VHF radio frequency used in air-to-air communication

Common traffic advisory frequency (CTAF) is the name given to the VHF radio frequency used for air-to-air communication at United States and Australian non-towered airports.

Many towered airports close their towers overnight, keeping the airport open for cargo operations and other activity. Pilots use the tower frequency to coordinate their arrivals and departures safely, giving position reports and acknowledging other aircraft in the airfield traffic pattern.

In many locations, smaller airports use pilot-controlled lighting systems when it is uneconomical or inconvenient to have automated systems or staff to turn on the taxiway and runway lights. In Canada, the lighting system is accessed through an aircraft radio control of aerodrome lighting (ARCAL) frequency, which is often shared with the CTAF.

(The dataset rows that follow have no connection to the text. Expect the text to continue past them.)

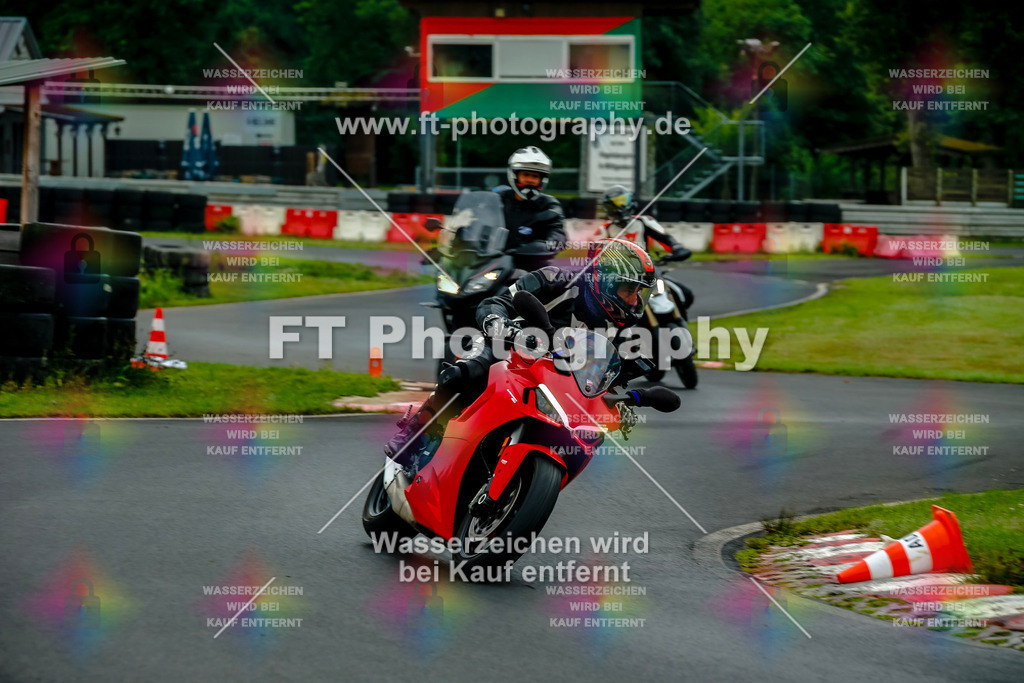 VBK-3492 | Hier findet Ihr Bilder von Touristenfahrten auf der Nürburgring Nordschleife oder von anderen Veranstaltungen die ich besucht habe. Viel Spass beim Durch Schauen 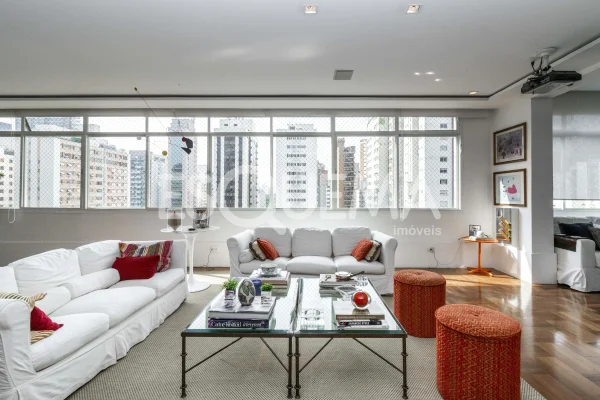 Apartamento reformado e em andar alto no Itaim.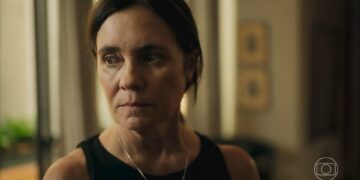 Mércia (Adriana Esteves) com cara de assustada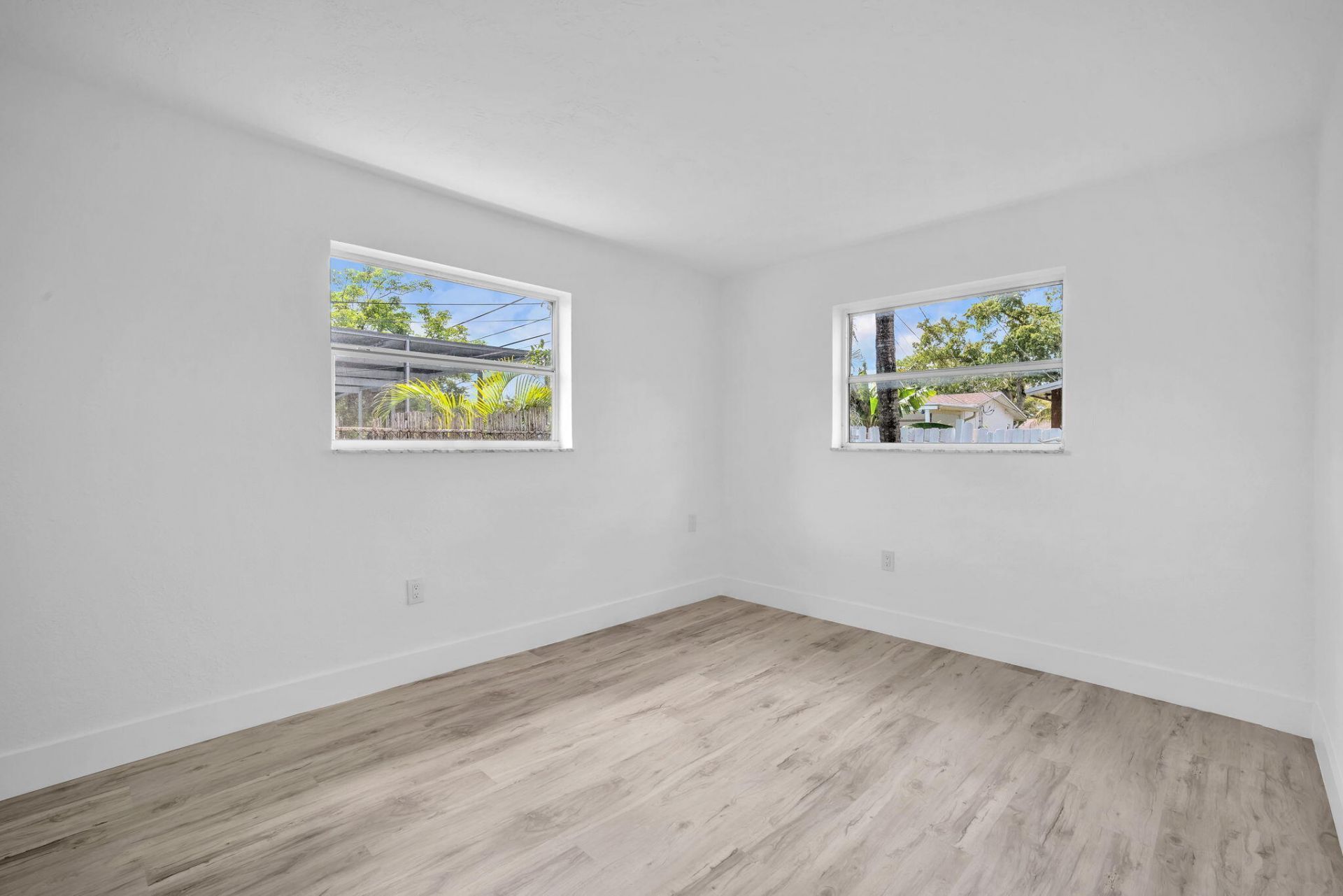 9490 NW 20th Place, Sunrise, FL 33322 Photo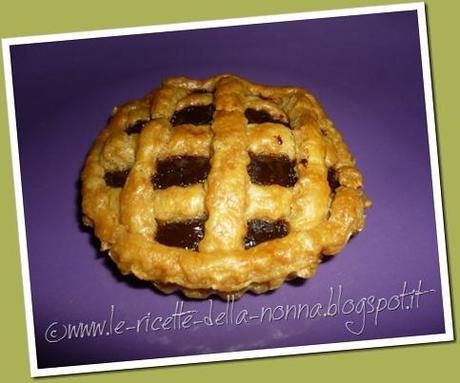 Crostatine di pastasfoglia con crema di cacao e nocciole (11)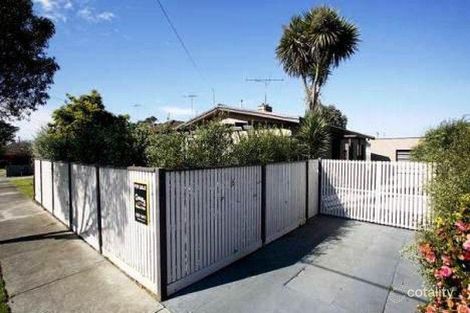 6 Charles St, Newcomb, VIC 3219
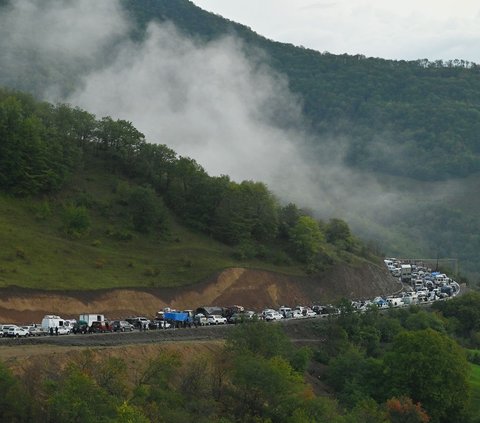 FOTO: Kepanikan Warga Armenia Bondong-Bondong Meninggalkan Wilayah Nagorno-Karabakh Usai Direbut Azerbaijan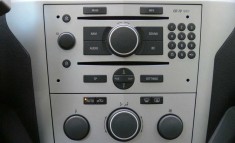 CD DVD Harta Navigatie OPEL CD70 NAVI Europa ROMANIA - Astra H, Corsa, Tigra, Vectra C, Zafira, Meriva - vers. 2013-2014 (la nivel de sate si comune) foto
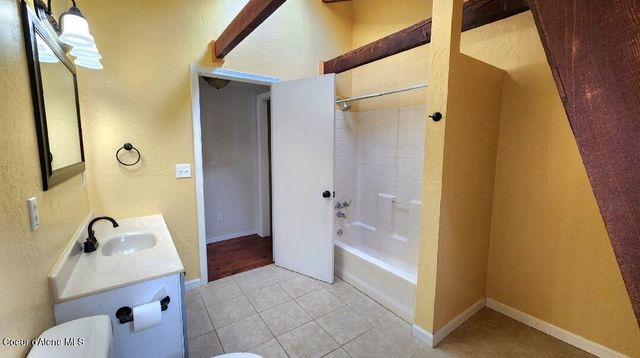 110 Highwood Dr, St. Maries, ID 83861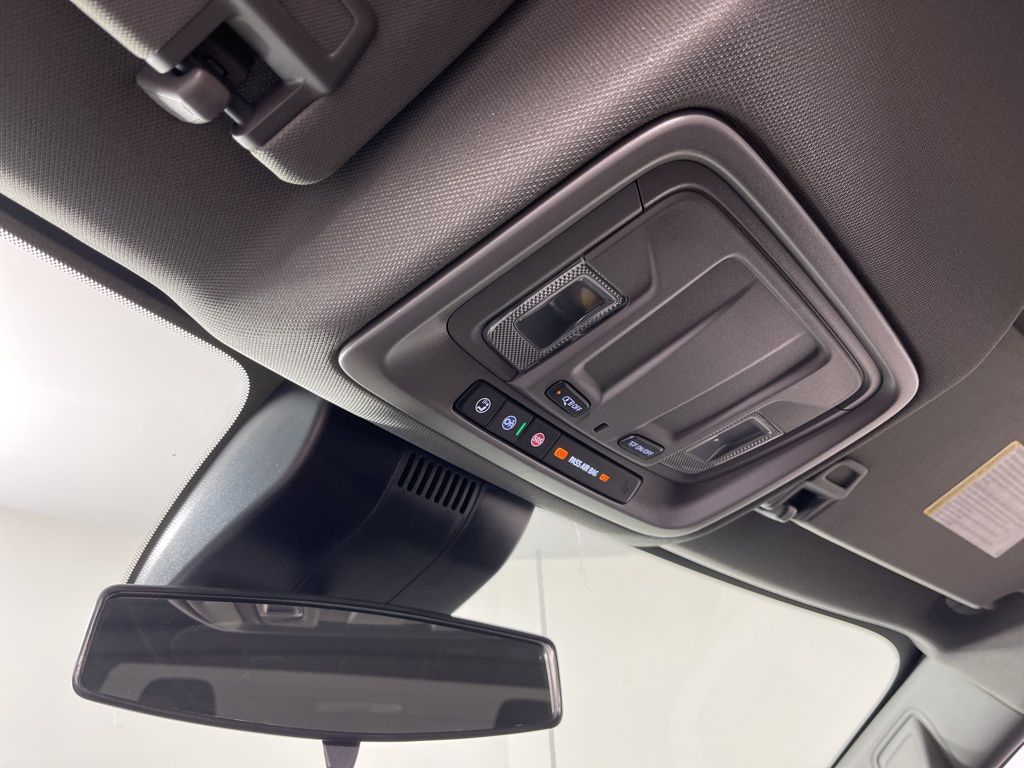 Thumbnail: 2026 Chevrolet Silverado 1500 - 28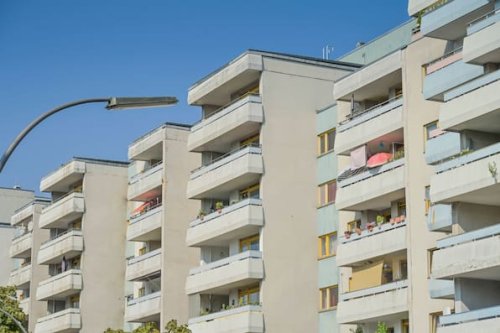 Bürgergeld: Mehr Haushalte zahlen fürs Wohnen drauf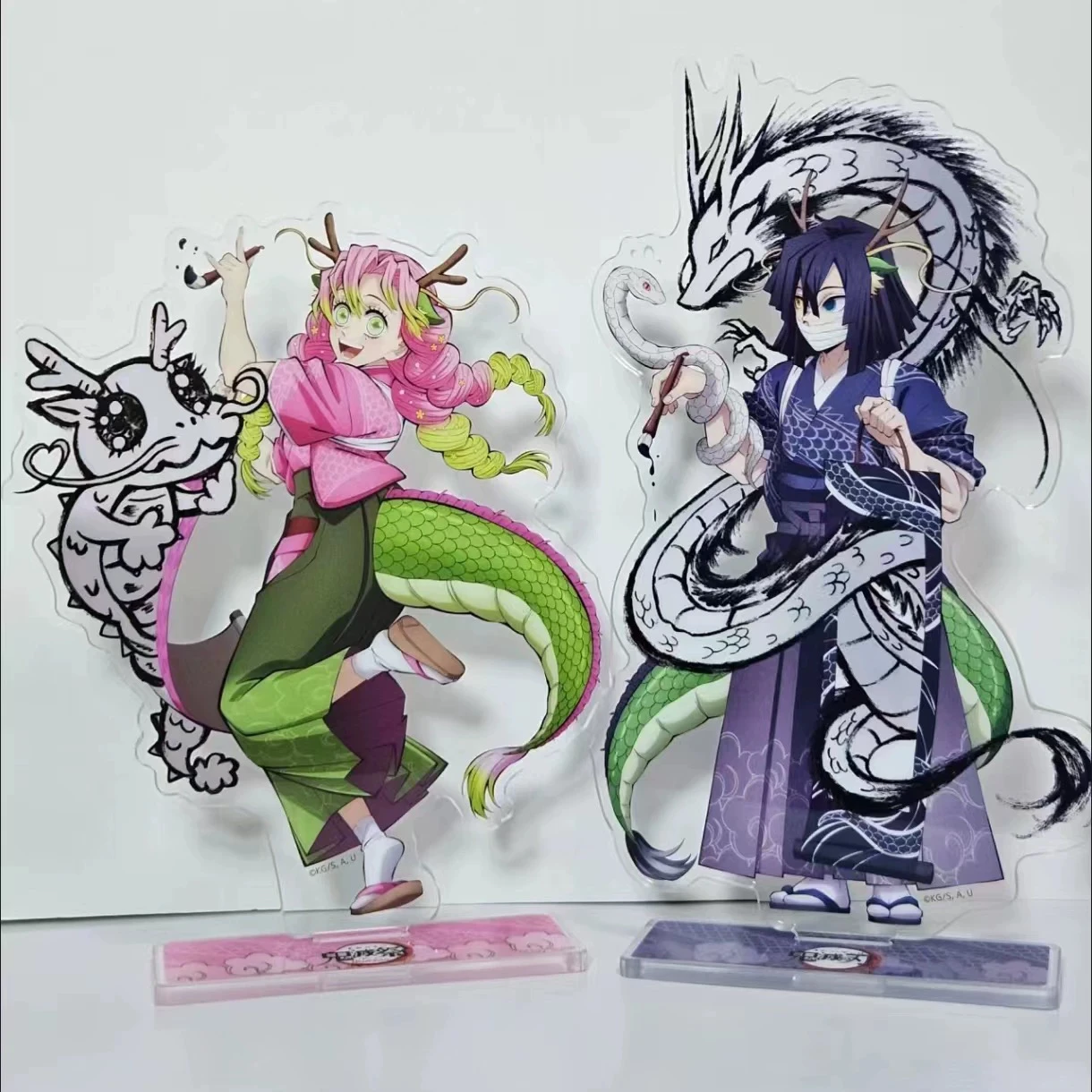 

Anime Demon Slayer Iguro Obanai Kanroji Mitsuri Loong Year Cosplay Standing Sign Acrylic Desktop Display Souvenir Halloween Gift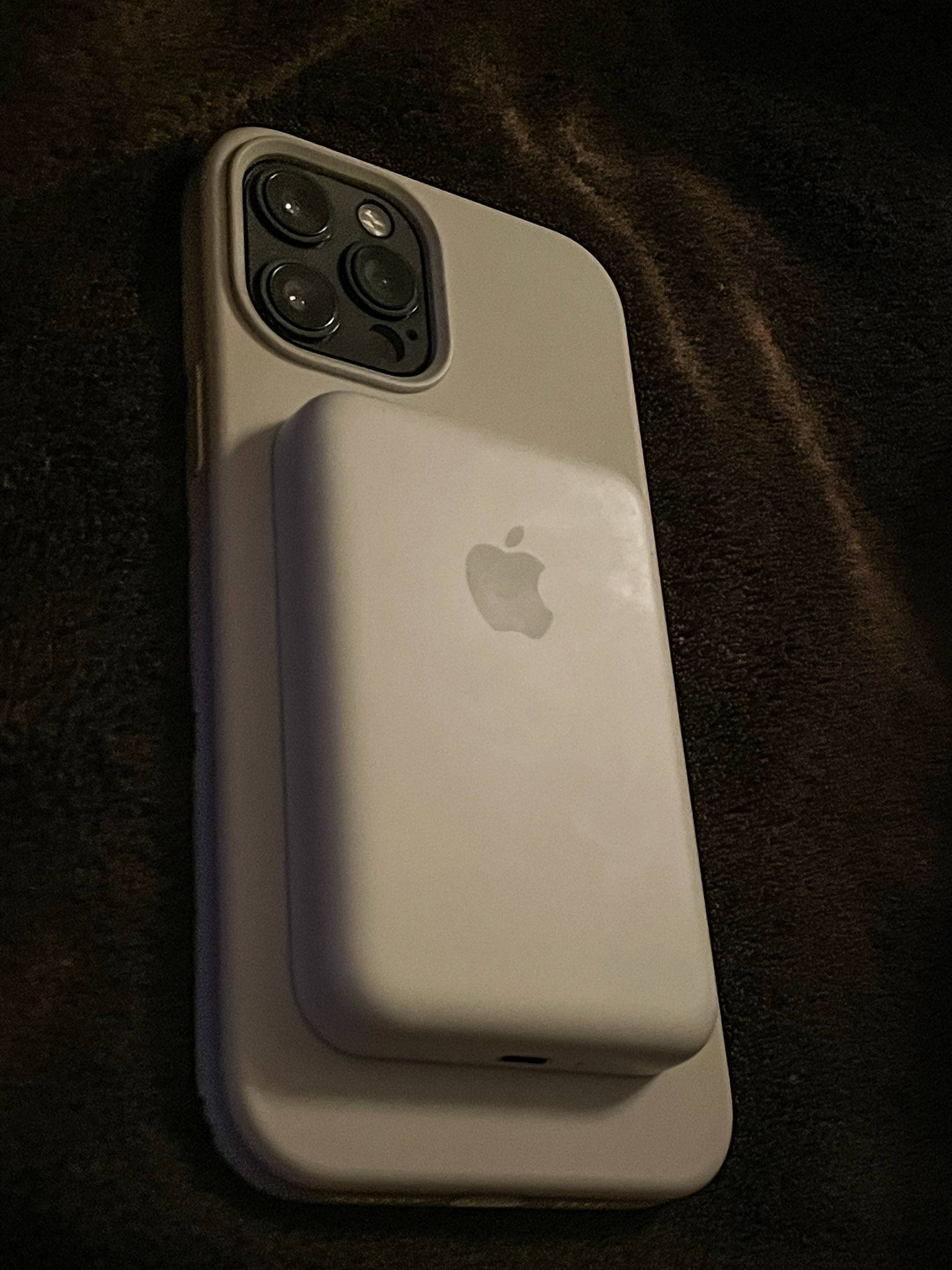 电池|苹果MagSafe外接电池实拍图：厚，但能充AirPods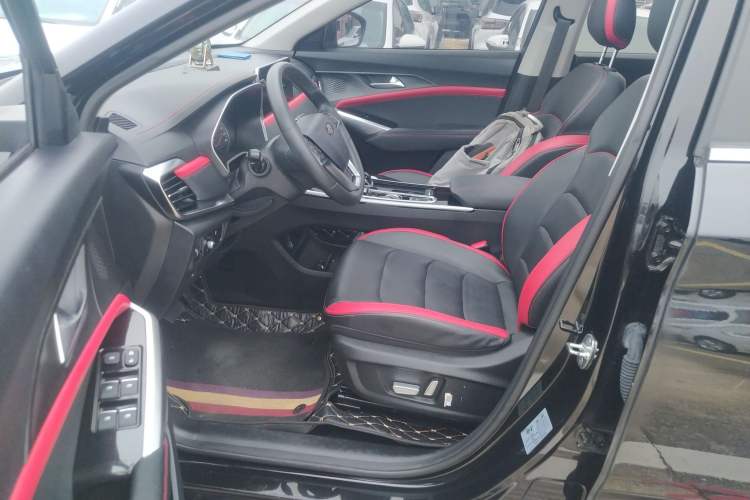 Used SOL X8 2021 300T DCT Leading Smart Connectivity Version 7 Seats Left Front Seat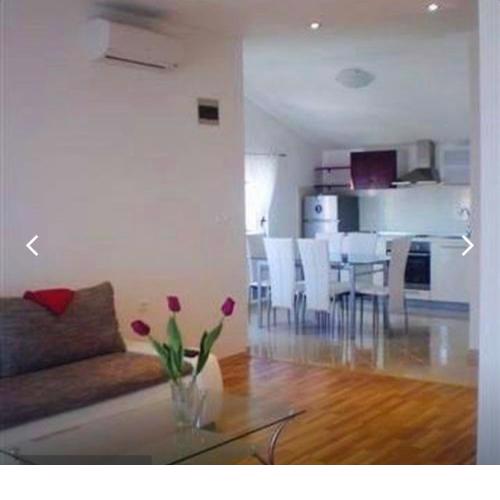 Apartmani Roko&Lovre Paklenica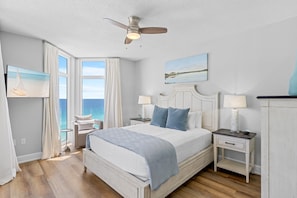 Primary Bedroom with Queen Bed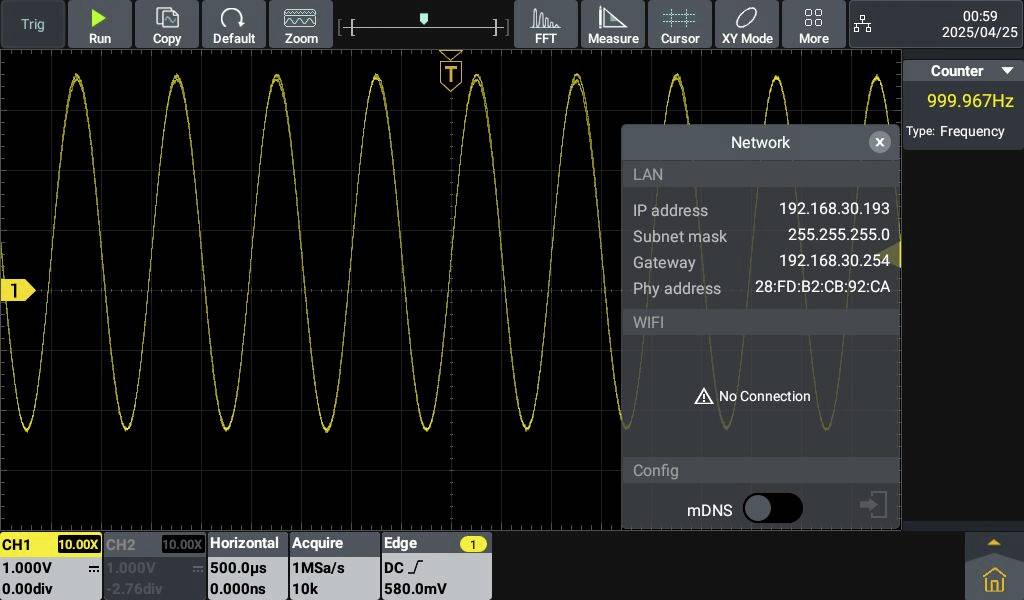 Ein Oszilloskop-Bildschirm zeigt eine sinusförmige Wellenform. Rechts ist ein Netzwerkfenster mit IP-Informationen sichtbar. Die Frequenz beträgt 999,967 Hz.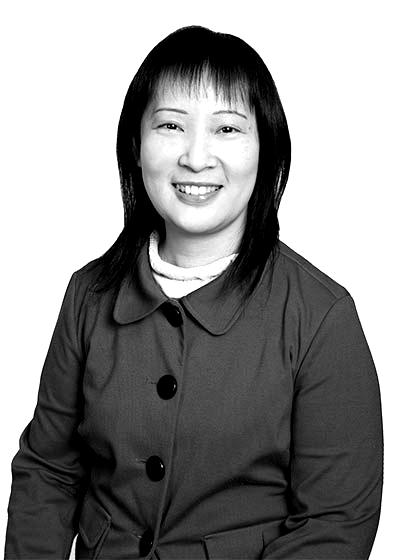 Staff-Caroline-Tsang-2012-blackwhite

Two common CTAF allocations are UNICOM and MULTICOM. UNICOM is a licensed non-government base station that provides air-to-ground and ground-to-air communication, and may also serve as a CTAF when in operation. MULTICOM is a frequency allocation without a physical base station that is reserved as a CTAF for airports without other facilities.

== Australia ==
In Australia, there are many landing strips in remote locations that have CTAF operations 24 hours a day, seven days a week. There are also CTAF(R) landing strips which require the aircraft intending to enter the area of operation to be fitted with a radio. The most common CTAF frequency is 126.7 MHz at non-towered aerodromes, except for when two CTAF airports are near each other. Aerodromes using CTAF outside tower hours typically nominate a frequency that is used during tower hours.

== United States ==
UNICOM and a CTAF may be mutually exclusive, but this is not always the case. In the United States, many non-towered airports use the same frequency for both UNICOM and CTAF purposes. Pilots are advised to check their sectional charts and/or Chart Supplement (formerly Airport/Facilities Directory) to determine the appropriate frequency for CTAF prior to operating at any given airport.

== United Kingdom ==
Unlicensed aerodromes in the United Kingdom often recommend pilots communicate with each other using SAFETYCOM, currently 135.480 MHz. However, most gliding clubs use the Glider Ground Station Common Field Frequency, currently 129.975 MHz.